Until this gets done right, on a large enough scale, you're stuck.

So it's up to you.  CDC, CCPOA uses "divide and conquer" methods, pits the races against one another. 

But in the UNION, red and yellow, black and white work side by side without this idiotic
diversion. We do not tolerate people who don't help with the work, but we don't kill them, we just take them off the list, out of the loop, and leave them in the cold for awhile.  It's ok to isolate people who drag down their communities for a while, but not lock them out and throw away the
key without education, rehabilitation, medical and dental care, psychiatric services and love...let us not subordinate love from families as a key element to reform.

How much is recidivism costing the taxpayers? Does the psychological torture of continuous lockdown really save money? Quite the opposite when the full cycle is considered.

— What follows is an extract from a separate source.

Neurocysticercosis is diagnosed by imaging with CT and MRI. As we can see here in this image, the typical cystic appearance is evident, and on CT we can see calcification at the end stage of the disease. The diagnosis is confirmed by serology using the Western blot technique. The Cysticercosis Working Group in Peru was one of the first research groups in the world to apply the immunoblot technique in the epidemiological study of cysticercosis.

Let's get creative since we have more medical people in the UNION than CDC has in all its prisons and discuss ways to reduce violence and riots. Sending in UNION newsletters would be one way, this gives inmates hope that someone is fighting for them at least. And I would never support the divide and conquer racism mentality which is the only reason these reforms have yet to be achieved.

Do you think that it ever occurs to the decision makers that the reason they have a 66% nursing vacancy is that humanitarians cannot bear to witness the atrocities taking place in the prisons
daily?  And it is a violation of the Hippocratic oath that nurses are also guards who punish the sick?  Nurses are the opposite of guards. Anytime you try to mix retribution and restorative methods, it is akin to mixing oil with water.  Duh!

This figure of 66% is an extreme threat to all the prisons and we need to demand that nonviolent inmates be either put in hospitals where they belong, or receive alternative sentencing or simply sent home.

Making the human bondage industry our number one State product was an act against the people, against God and we have only one solution to put an end to it. Don't agonize, organize and vote the bums responsible out of office. We're down to that, our forefathers gave us that tool just for such dire circumstances as these.

You can do more than you think. It all starts with the people hurt. People will only dish out as much oppression as you're willing to tolerate.

B. Cayenne Bird

PS  I am disturbed that the legislators feel there is nothing they can do about the physical toxic conditions at Chino Institute for Women and will come back to this after our present 3X campaign, which must be our high priority.  There is always something that can be done when we, the voters, insist in enough numbers.